Here it is again a little closer.


Below are the eyes of the dog from a flower print. Amazing, huh?


Here are the beginnings of the cat's face and eyes. That bolt of fabric in the lower left corner has some other flowers that could be used as eyes.


And here's my faceless image. We settled on the flesh fabric and the hair right away. The hair has a lot of little pieces, and so I won't be doing any more detail there until I get home. It's easier to keep track of the pieces in the controlled environment of one's own sewing room...cats aside.


In the image above, we were experimenting with different fabrics for the snake. The two you see here are from my stash. The lower one was my first choice, but Ann liked the one above...I liked it too, until we stood back and looked at it. It kind of has the appearance of woven rope, and so we worried that the snake would be lost and began looking for a stripe. You can see it in the image below. There were many colors of stripes in the fabric I chose, but I ironed my pieces to take advantage of the darkest stripe. It helps the eye to follow the line and see it as a snake.


It's a great fabric with lots more shades of green stripes, and so I purchased enough of that to use for my quilt binding. It will be cute as a binding, and it will help the snake to pop out. Also in that image above, I'd started experimenting with fabrics for the shirt. It wasn't looking right, and so we switched it out for the green plaid you see in the image below. Also, I'm using some fabric from my stash for the contrasting collar and (eventually) the cuffs of the shirt.

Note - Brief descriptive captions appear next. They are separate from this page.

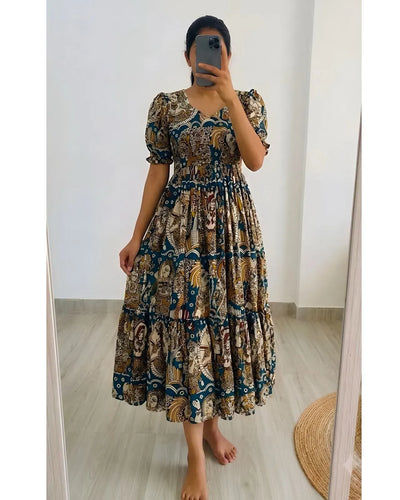Premium Kalamkari Muslin Cotton Maxi Gown - Elegant 4-Meter Flare Festive Wear for Women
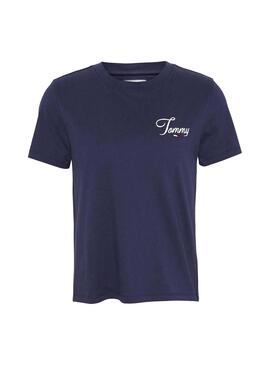 T-Shirt Tommy Jeans Chest Graphic Marine Femme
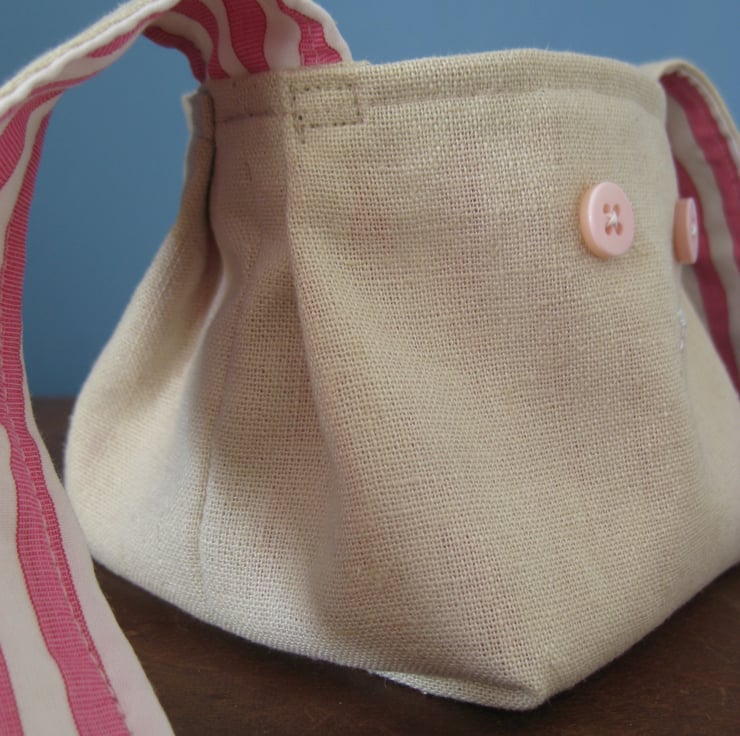 Linen bunny Easter fabric basket - Folksy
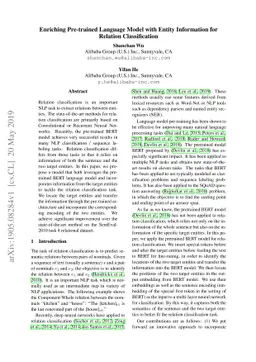 Enriching Pre-trained Language Model with Entity Information for
  Relation Classification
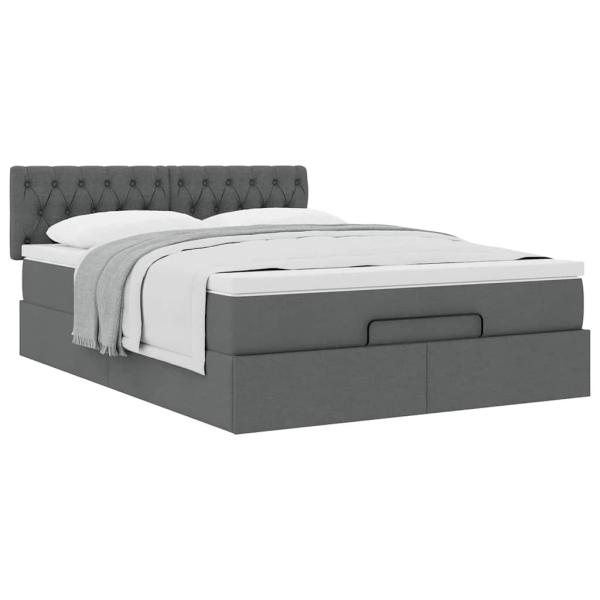 Ottoman-Bett mit Matratze Dunkelgrau 140x200 cm Stoff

In the image below, you can see that I have a sandwich bag pinned to my design wall where I'm keeping the tiniest pieces as I cut them off. I'm not ready to use them in my design, but I don't want them to be lost, and so they're stored there temporarily. As much as possible, we only cut the pieces we are using right away, leaving the sections whole as long as possible, and then pinning them back to the design wall to use when we're ready.


In the image below, I've added more pieces for the shirt.


And I continued on from there...a boy grows in Vancouver. We used a contrasting fabric from my stash for one of the pockets on the bib of the overalls. Eventually, that was switched out for a different fabric that I used for the cuffs of the pants.


In the image above, you can see where I left it for the day. In the image below, I've marked an area that I want to change. The orientation of the stripes in the fabric helps to give the pants the rumpled look from the photograph. (As a child, he's wearing clothes that he can grow into.) My thinking is that bottom wedge should point toward the outside of the leg and that will make a wrinkle in the bottom of the pant leg. As it sits, it seems too uniform to my eye.


Today I'll be building the shoes at the bottom, and then starting to think about background fabrics.

Here are the projects my classmates are working on. This first one is the calf.


In the image below, she's started adding fabrics for the straw below the calf.


Here's the swimmer doing butterfly. It's turning out remarkably well, I think. Ann really wants her to switch out that black swim cap for something more colorful and fun, but the artist is standing firm on the black.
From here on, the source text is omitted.